Time was when you needed lank hair, creased clothes and tarantula armpits to prove your commitment to the left-wing cause. As a young student radical I never really got the look - too well scrubbed, according to one friend. And I was. A long soak has always been a favourite luxury.

For the perfect bath, make sure the phone is switched off - there's nothing worse than having to jump out dripping. Let the world wait.

Some people swear by a glass of wine in the bath, but that seems to me as unfortunate a match as wine and poached eggs on toast. No, as you relax amid the bubbles it has to be a cup of tea.
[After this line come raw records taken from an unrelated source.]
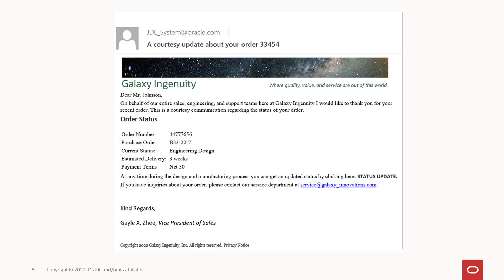Rich formatting carries information beyond the words and numbers in the message. With rich formatting, not only are your messages accurate and timely, they are also easily understood by the recipients.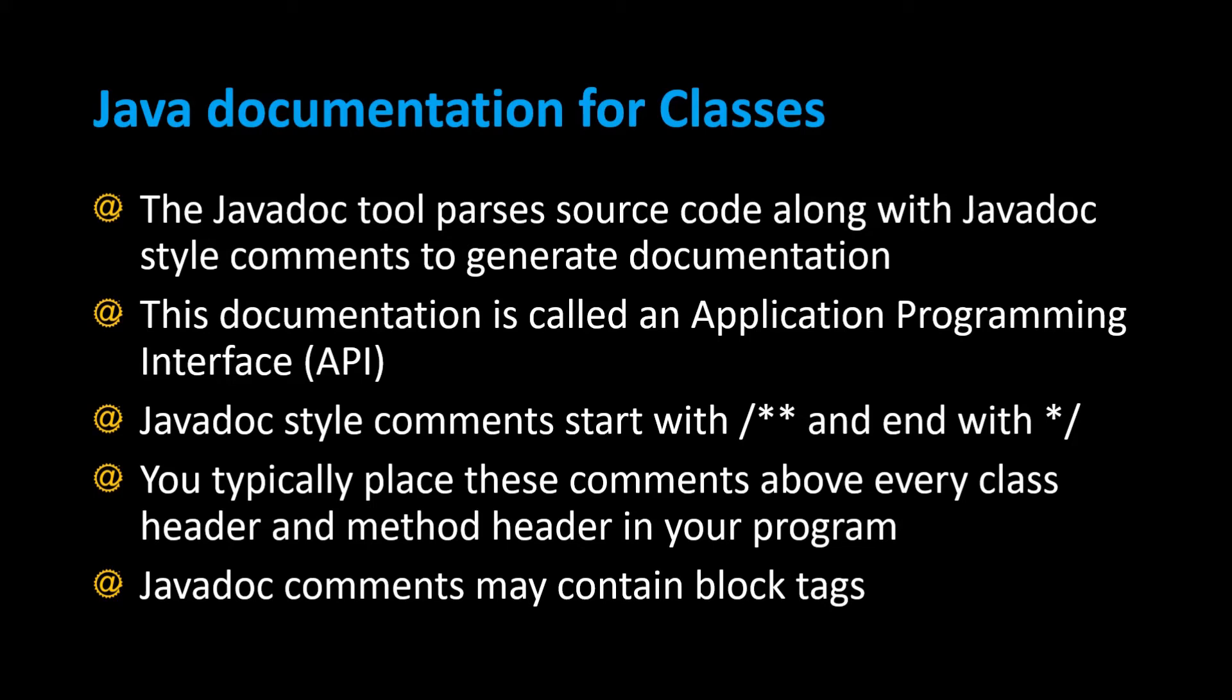In this video we're going to build documentation for your Java classes by using the Javadoc tool, which parses source code along with Javadoc style comments to generate documentation. This documentation is called an Application Programming Interface, or an API.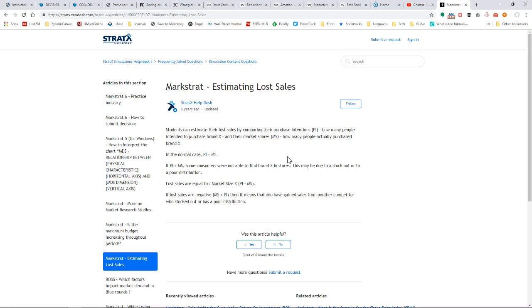Then you're going to do the same thing for market share, and then you'll take the difference to determine how many units you would have sold if you had enough units in inventory.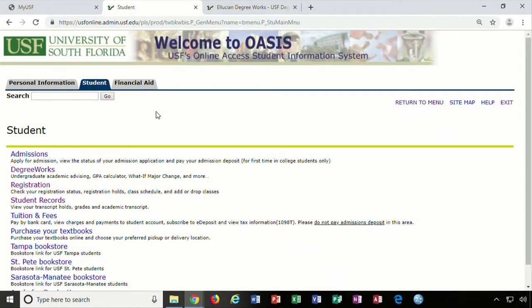Hello from Academic Advising. This video is going to demonstrate how to check your time ticket in OASIS.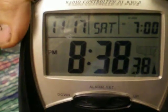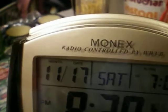That's how you set the time zone and everything else. When it's correct, you press it again and it goes to the next setting. Then you can adjust the time, and then you're done. That's how you set the Monex atomic clock.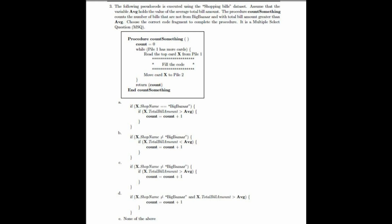Option 3 is correct as it matches the given conditions: shop name should not equal Big Bazaar and total bill amount should be greater than AVG, then updating count. Option 4 is also correct as it uses both conditions with the AND operator in a single if statement and then updates the count. The correct answer is options 3 and 4.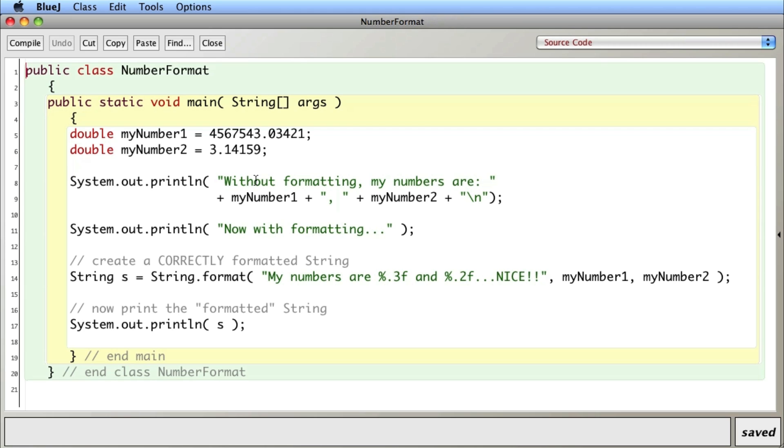Then I'm going to stringify them or make them into a form of a string where I can control the number of decimal points that are printed. I do that with what's called String.format, which allows me to create a string and format different arguments, namely myNumber1 and myNumber2, to the number of decimal points that I like.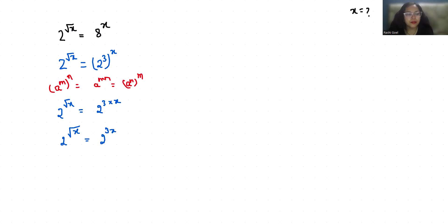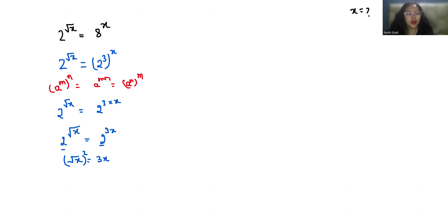Now if we compare both sides, if the bases are equal, their powers are also equal. So √x = 3x. Now I'm going to square both sides. With the help of squaring, the square root is removed, so x = 9x^2.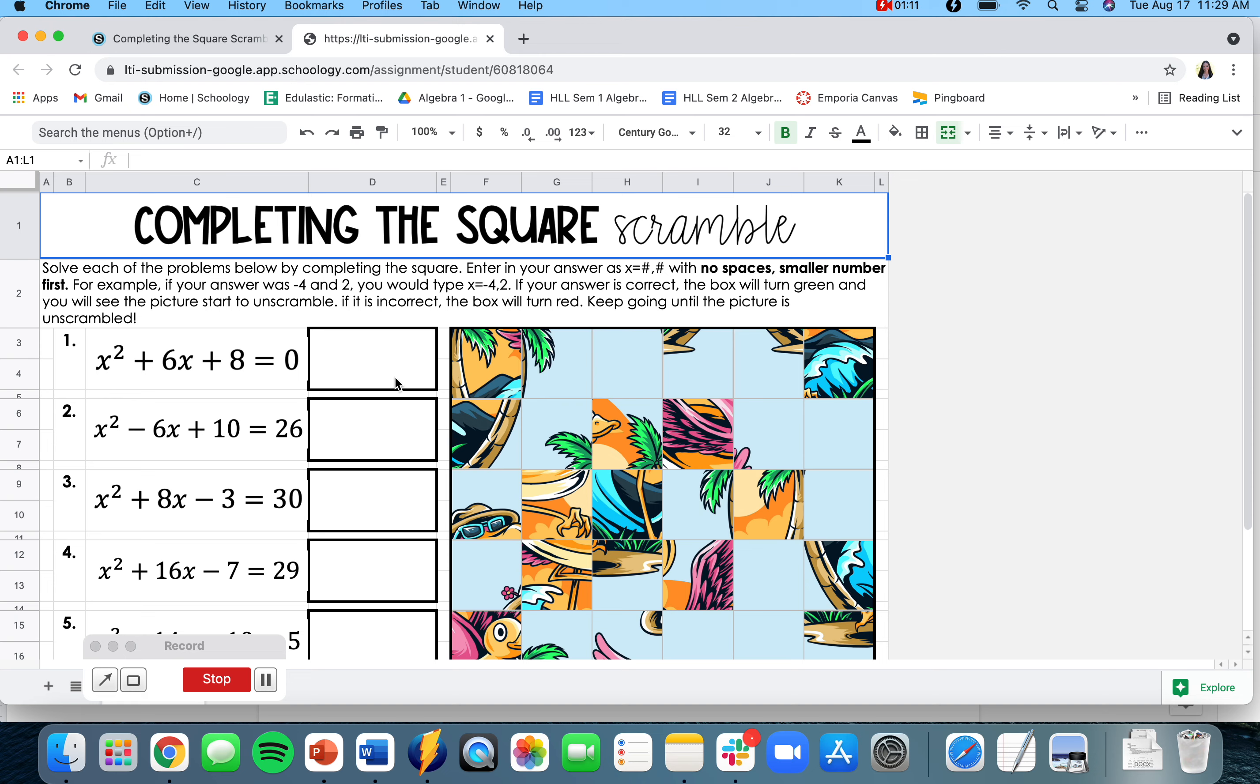If your answer is correct, the box will turn green and you'll see your picture start to unscramble. If it's incorrect, the box will turn red.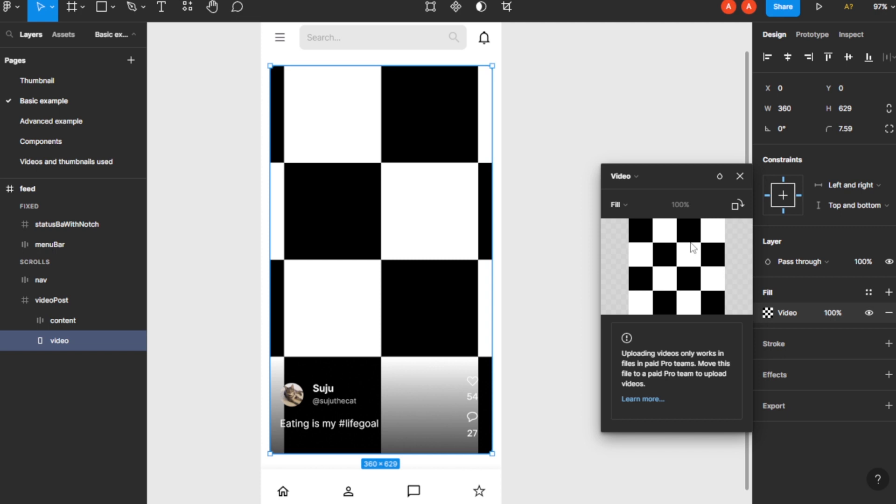Figma. So if you don't have any paid version, you cannot add any kind of video in your project. So that's all, basically this is how you add a video in your prototype.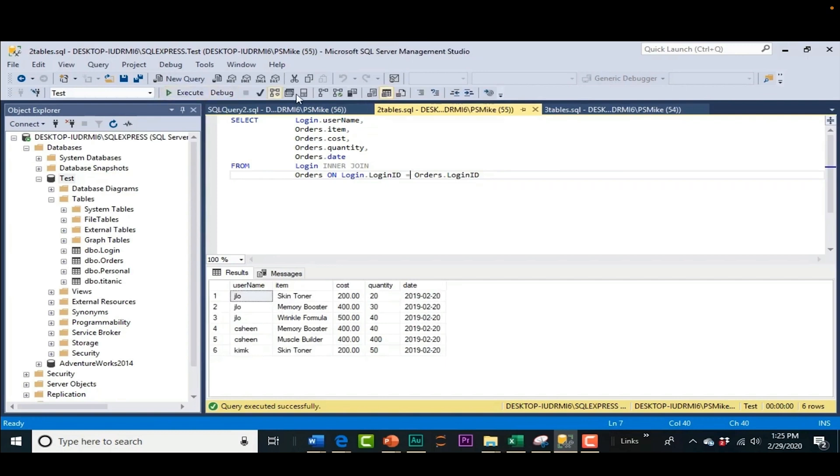We get the orders by JLo, by Charlie and by Chem K. We've got quantity, cost. Now we've got some more information. That's not it.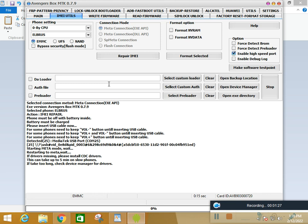This is a simple process to repair the IMEI of the Avenger MTK module. Infinix Hot 9, Hot 8, Infinix Hot 5, Note 7.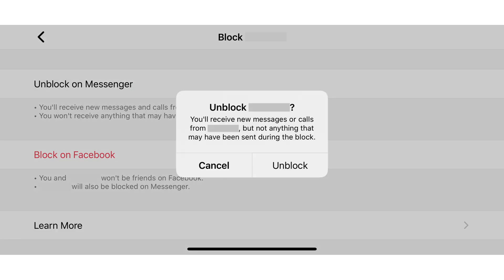A dialog box is displayed asking if you want to unblock this contact. Tap Unblock. This Facebook Messenger contact is unblocked, and you'll now be able to interact with them again.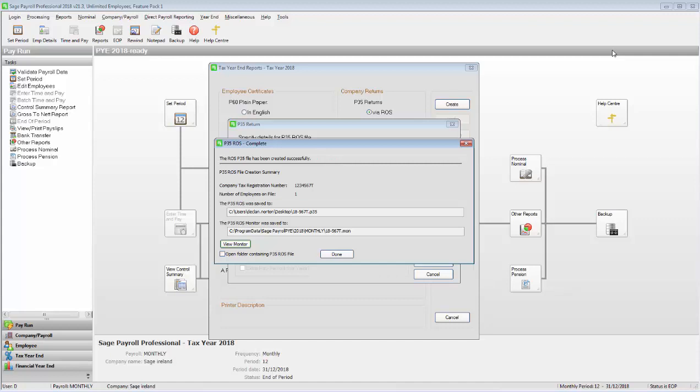Once you're happy with the values, select the open folder containing P35 ROS file, then click Done.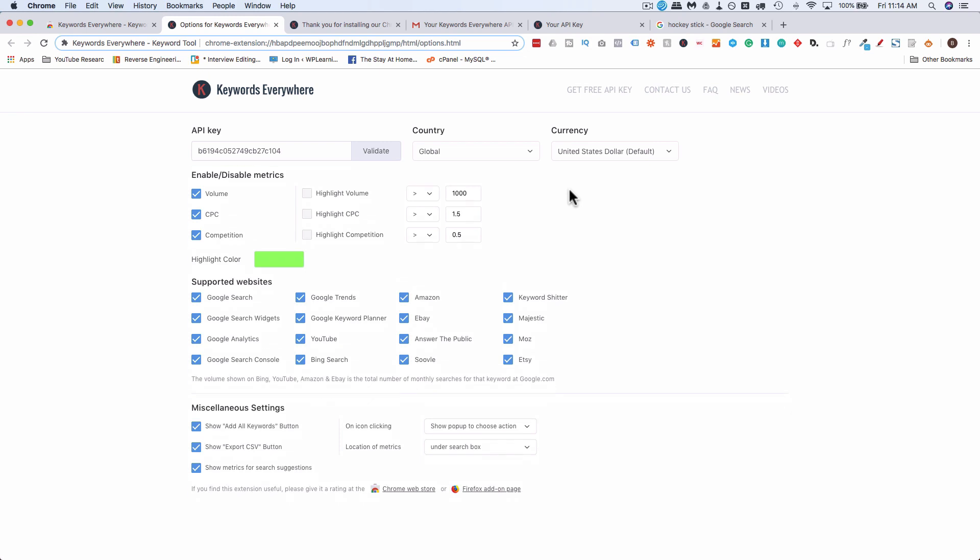And the reason they have API keys is because there are some individuals in the past who had abused the system and just send automated requests to it and just bombard their servers and they basically ruined it for everybody. So now you have to have API keys. So if they find that somebody is sending automated requests they can just shut down the one API key and problem solved.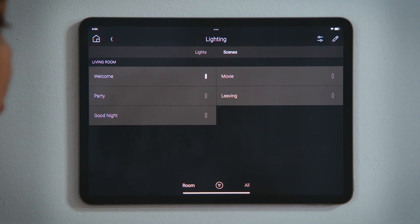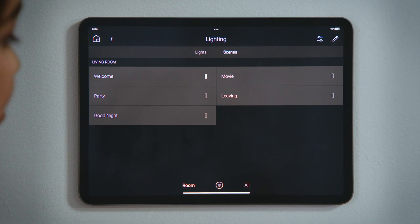The indicator for Welcome is lit up, telling us the Welcome scene is active. The lights in the house are on.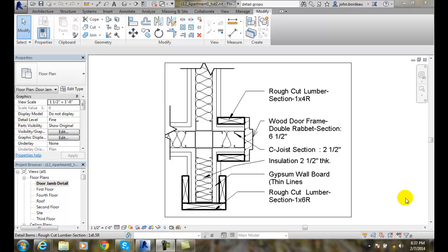Creating Model and Attached Detailed Groups. Here I have a detail. This detail happens to be of a door jamb.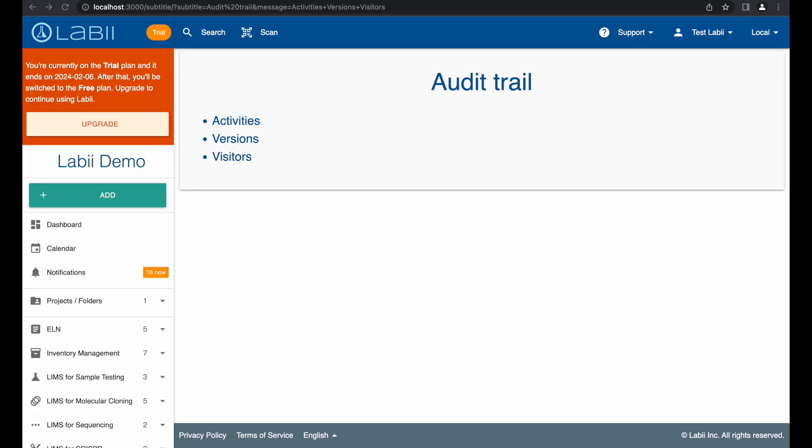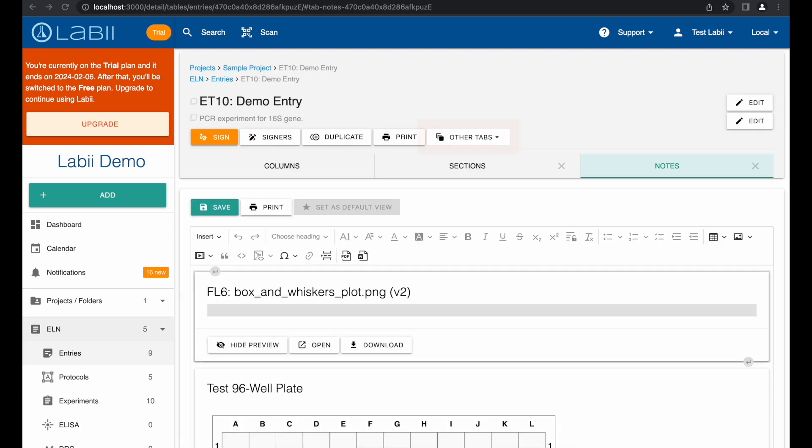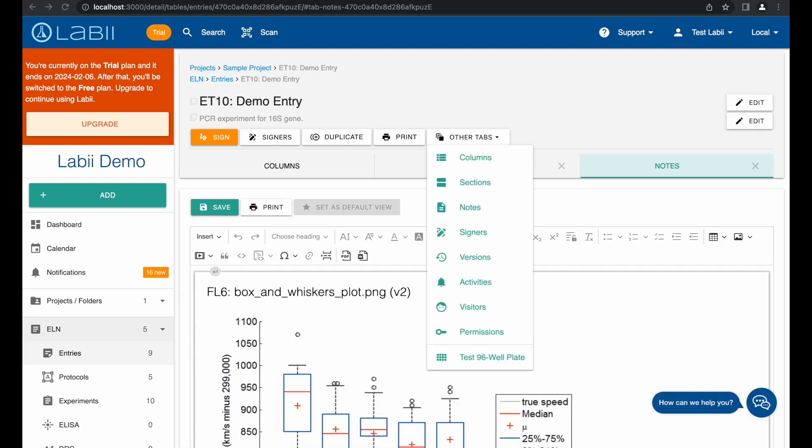The audit trail feature in Labii ELN allows for the tracking and recording of all changes made to an experiment, including who made the changes and when. This feature provides a clear and complete history of an experiment, ensuring that all data is secure and tamper-proof, and easier to identify any potential problems or issues. Click button of other tabs. Select Version to view a list of all versions, Activities to check a record of activities, and Visitors to list down visitors.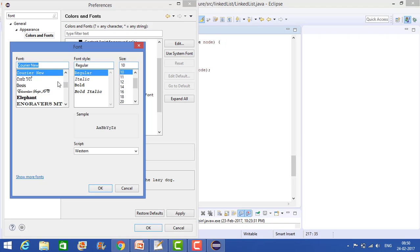So now again if you want to change the font style then you can change it from here. But I want to change only the size.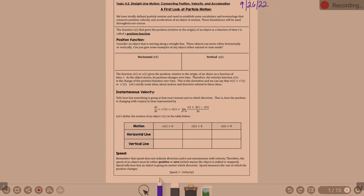Picking back up in section 2.7 with our position, velocity, and acceleration. We finished talking about particle motion. We've briefly defined particle motion and need to establish vocabulary and terminology that connects position, velocity, and acceleration of an object in motion. These foundations will be used throughout our course. S of t is our typical position function — it gives the position relative to the origin of an object as a function of time t.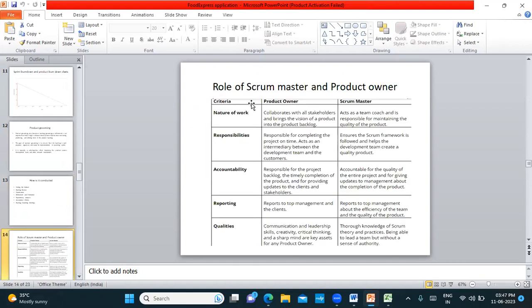The next question is about the roles of a scrum master and a product owner. The product owner heads the product, has complete knowledge of it, and is primarily responsible for explaining requirements to the team. The scrum master is more like a facilitator — ensuring everyone follows the scrum framework, that the project is progressing successfully, and that everybody is aligned with the project.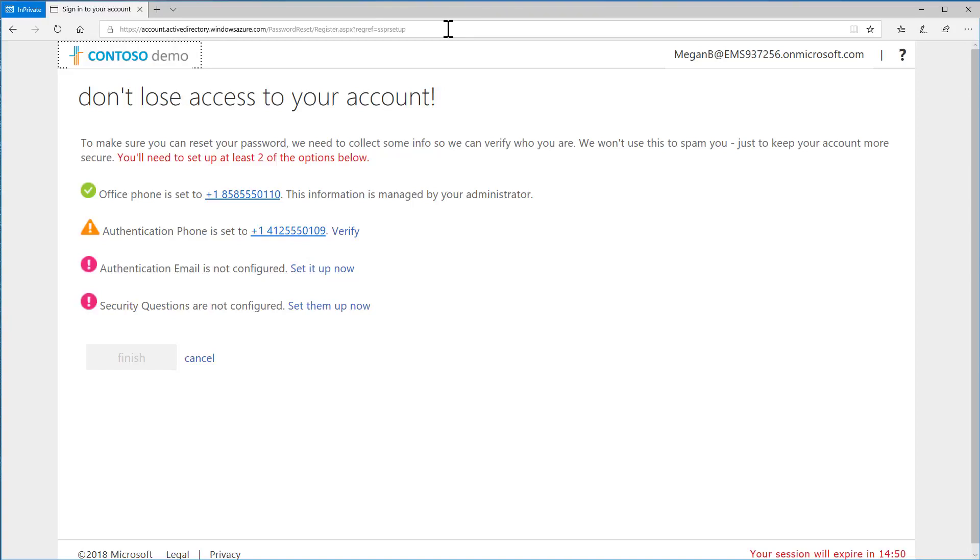Depending on your organization settings, you may see Office Phone, Authentication Phone, Authentication Email, Security Questions, or a combination.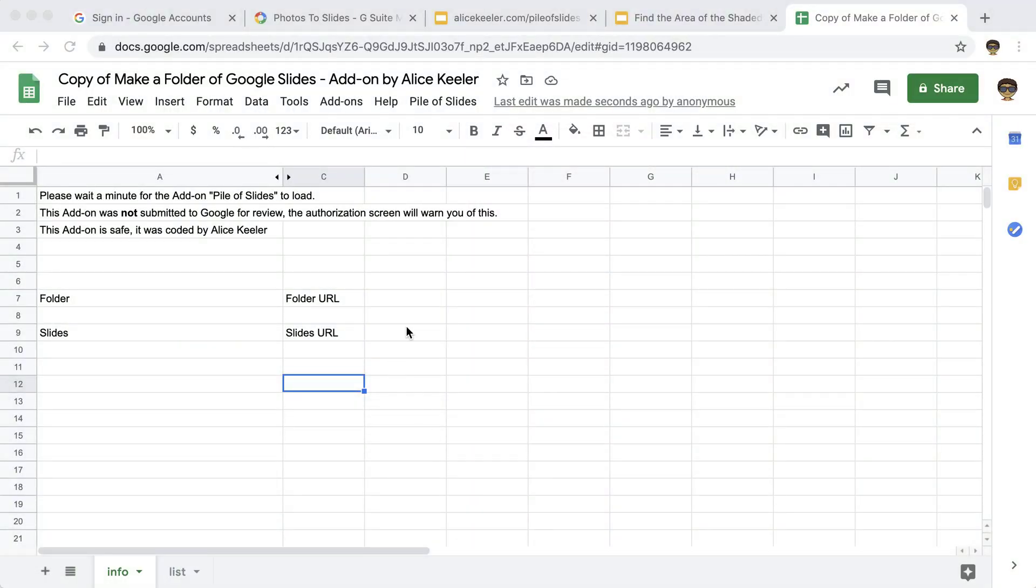It'll give you a list of permissions to your Google Drive and your slides and these other things. But again, you're only giving yourself permission to your own files. So go ahead and authorize it.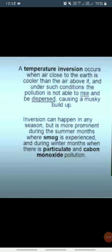Under such conditions, pollution is not able to rise and be dispersed, causing a murky buildup. An inversion can happen in any season but it is more prominent during the summer months where smog is experienced.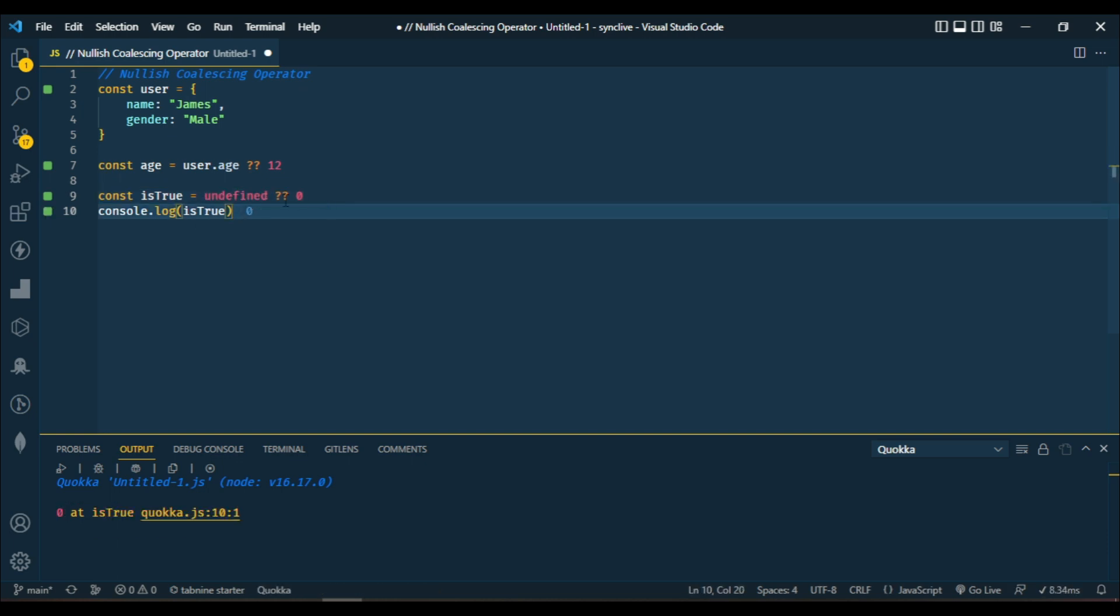And you can see right here we still got zero. That is the function of nullish coalescing. It's only when your left-hand side value is undefined or null that it will return the right-hand side value.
And as to those bubbles - well, you can pay an awful lot: J-P Gaultier's Le Bain (£19) is frothy and smells refreshing, but at that price verges on one of life's bigger luxuries. Clarin's Bain aux Plantes Relax (£15) is slightly cheaper and does have a real plant-extract sort of smell, as well as good bubbles. But there's plenty to choose from in the under-a-fiver range: Badedas (£3) does an acceptable revitalising bath gelee; the Sanctuary's Bath Essence (£3.50) is low on bubbles but has a nice, not too overpowering fragrance, as does Oil of Ulay's Moisturising Bathwash (£3.50). A word of warning: avoid Radox's new range - Citrus Tonic with Marjoram, Time Out with Lavender, etc. They give you a fine enough bath, but the scents are far from subtle.

Read a colour supplement or a women's magazine, though it requires a certain dexterity not to get the whole thing sodden. Finally, the towel: most of us get by with an ancient, slightly faded thing. Invest in a white, fluffy, just-out-of-a-posh-hotel-bathroom kind of towel - and keep it for your special long soaks.